Speaking to the justice select committee yesterday, Lord Thomas said although he believed the reforms had worked “on the whole”, the position of interveners was “one area” he was concerned about.

“I think the written brief or short oral submission in a case from these public-spirited bodies, often where they do it for nothing, is extremely helpful, but they do risk being landed for costs and so people are much more cautious, and I do think that’s an area where it might be desirable for people to look at this again.”

Under the Criminal Justice and Courts Act 2015, courts are required to make costs orders against interveners in judicial reviews if certain conditions are met, to cover the legal costs incurred by parties responding to their interventions.

The move was opposed by the House of Lords, which wanted judges to retain greater discretion, but passed by the House of Commons.

Responding to questions from MPs on his annual report, the LCJ said he did not believe “people who have real cases” had been deterred by the judicial review reforms.

In a session in which he also said he expected the incremental growth in use of fixed fees, rather than a ‘big bang’, Lord Thomas told the select committee that the Court of Appeal had to cope with a “huge increase” in the volume of its business, without any more judges.

He said the judiciary was examining the use of two-judge courts, rather than the current three. “It’s something we used to do. We’ve stopped doing it. We need to look at it.”
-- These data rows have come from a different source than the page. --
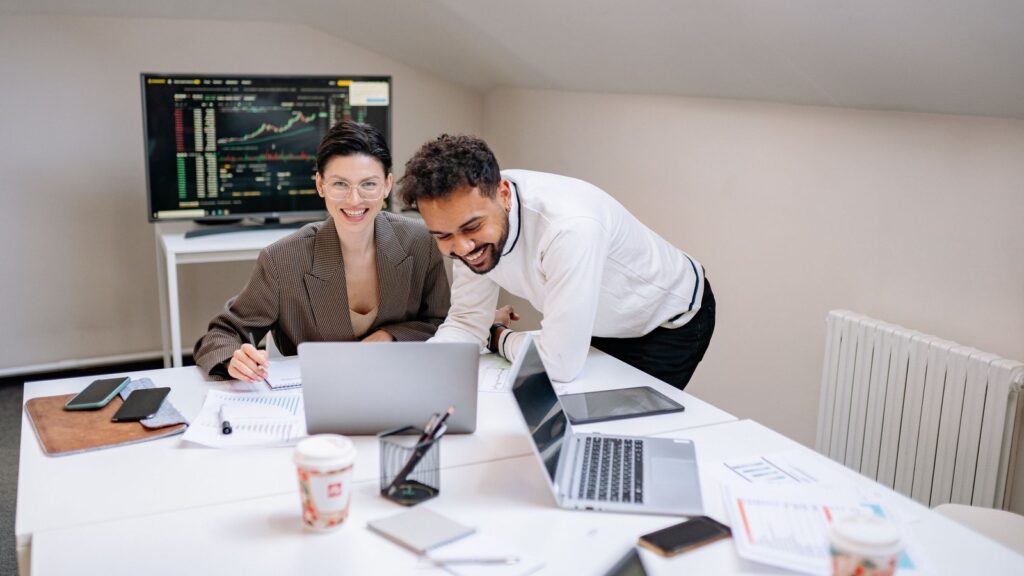 Two colleagues smiling and reviewing files together on laptops in a bright office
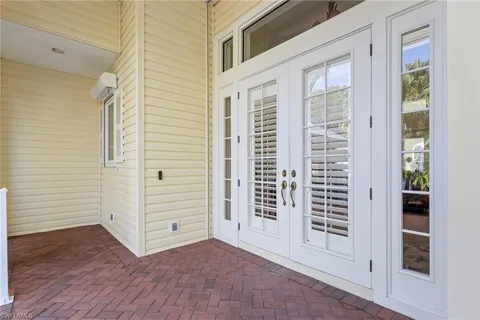 an entryway with wooden floor and windows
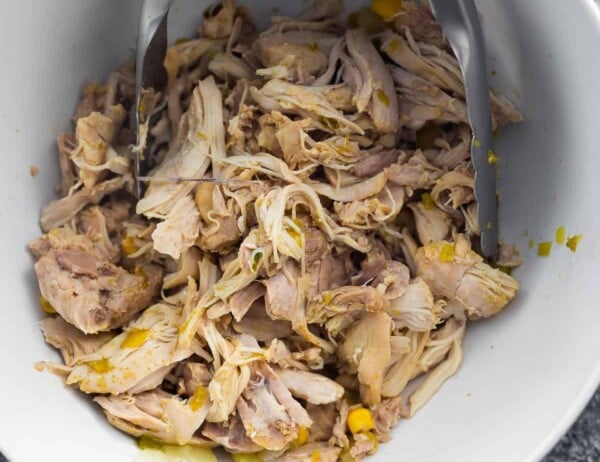 shredded chicken in a bowl with tongs
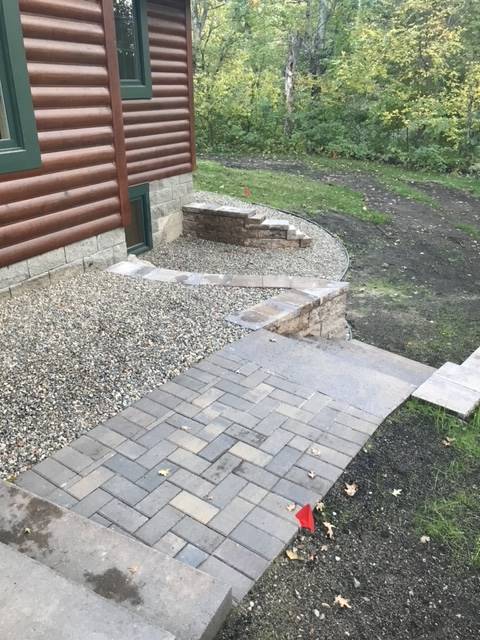 Brick pathway and steps leading to a cabin with gravel and a retaining wall.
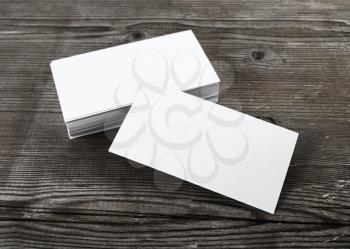 Photo of blank business cards with soft shadows on wooden background. For design presentations and portfolios. Template for ID.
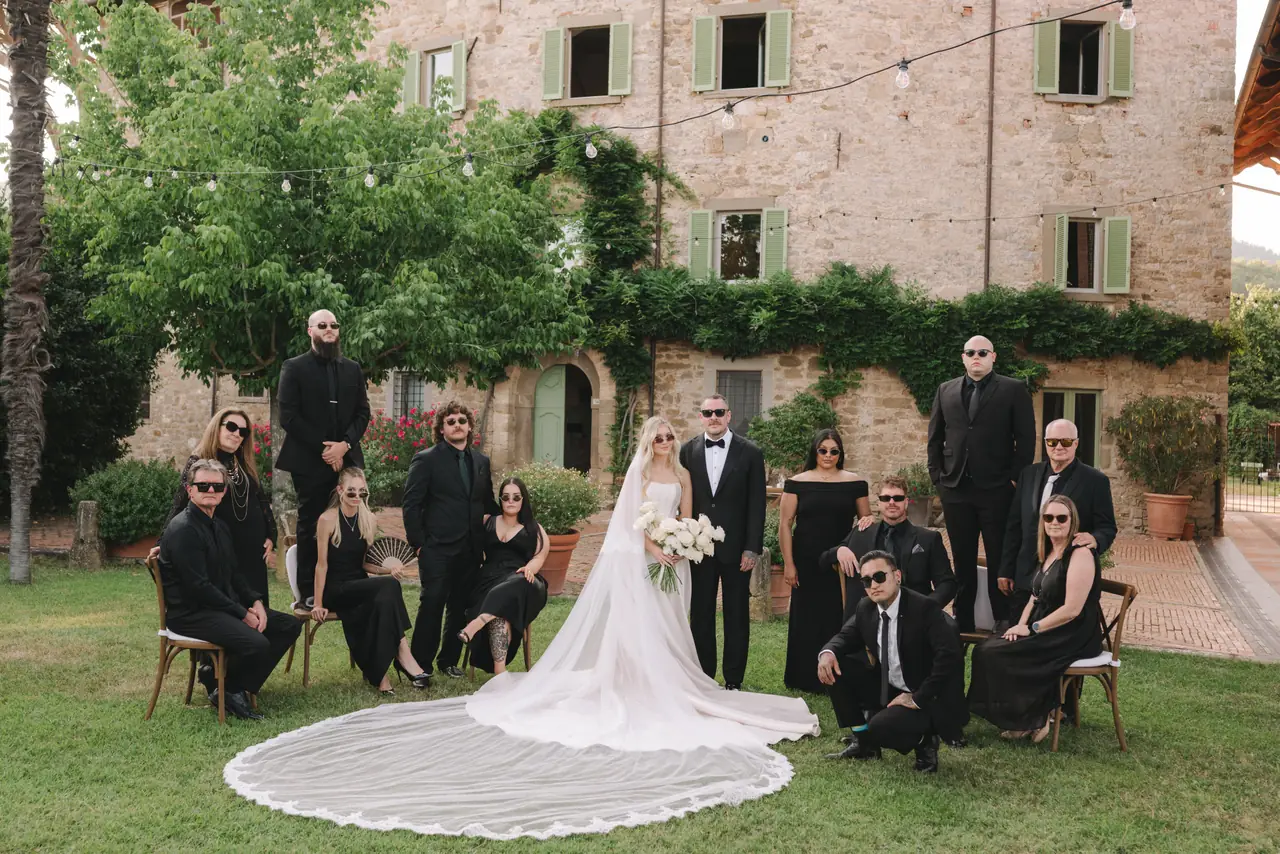 Anthony and Isabella stand with their wedding party outside the villa.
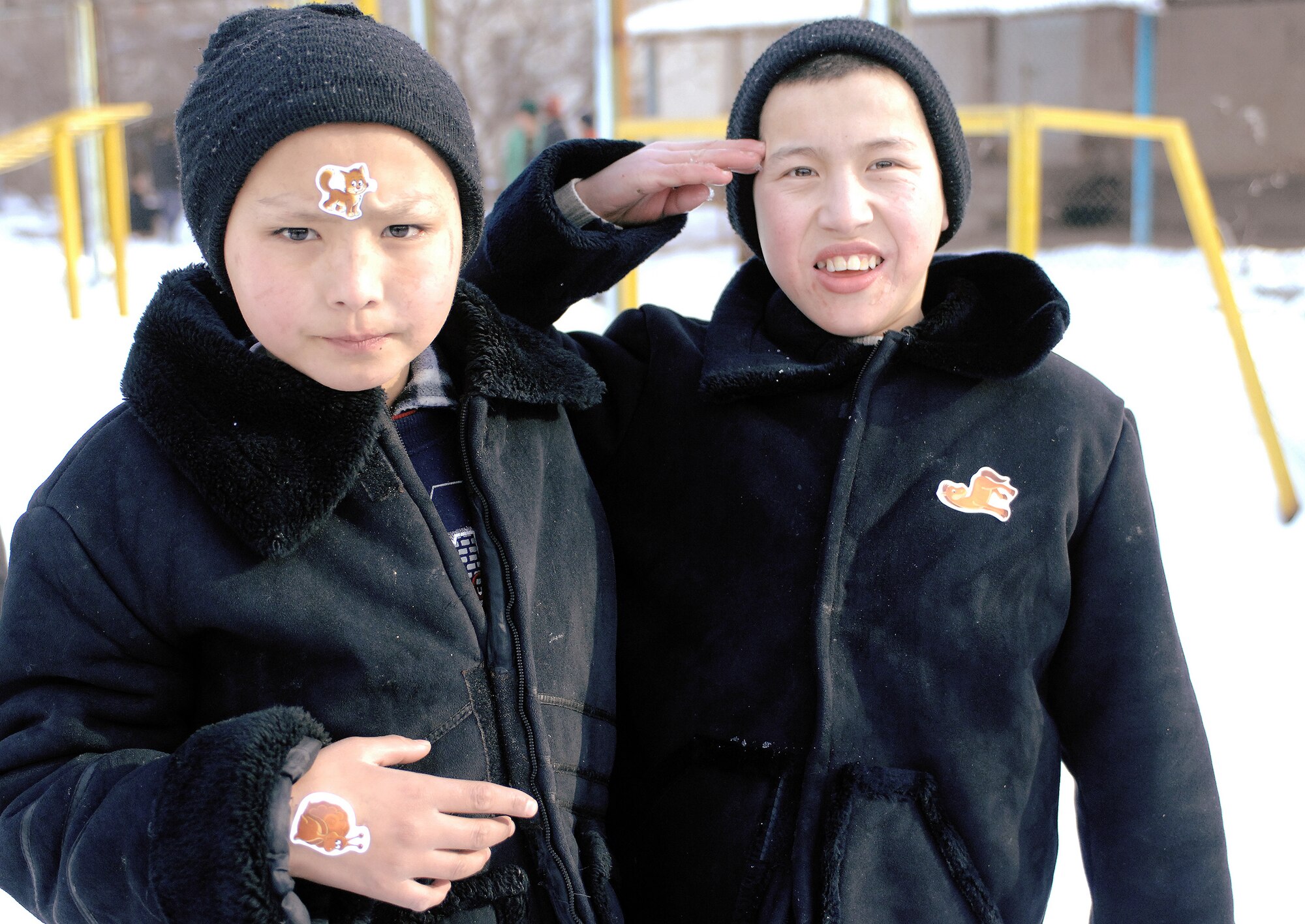 A young boy salutes in farewell with his friend Jan. 11 at the Belovodosky orphanage north of Bishkek, Kyrgyzstan. Airmen from nearby Manas Air Base visit the orphanage frequently to share friendship and donate toys as well as clothing, blankets, diapers and toiletries. (U.S. Air Force photo/Tech. Sgt. Phyllis Hanson) 
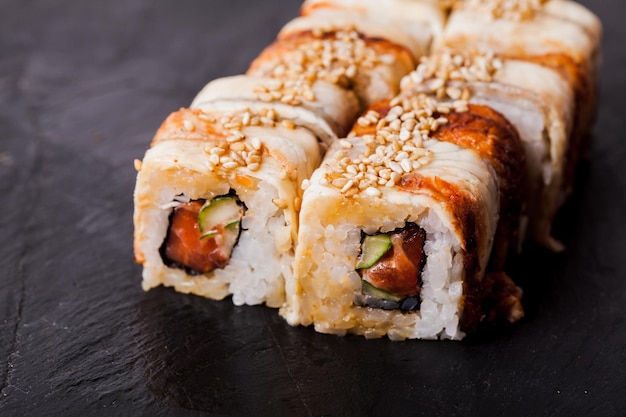 Primer plano de unagi sushi roll sobre un fondo de pizarra negra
Lord Thomas described himself as a “very firm advocate” of word-limited submissions, which he said was already the rule for the US Supreme Court. “I’m very keen on this. Most people, if they’re asked to say something concisely, say it better.”

The LCJ added that tax changes to judicial pensions introduced by the government last summer were a “really serious problem” and had a “colossal” impact on the amount of money judges received on retirement. He added that this was having an “adverse effect” on High Court recruitment.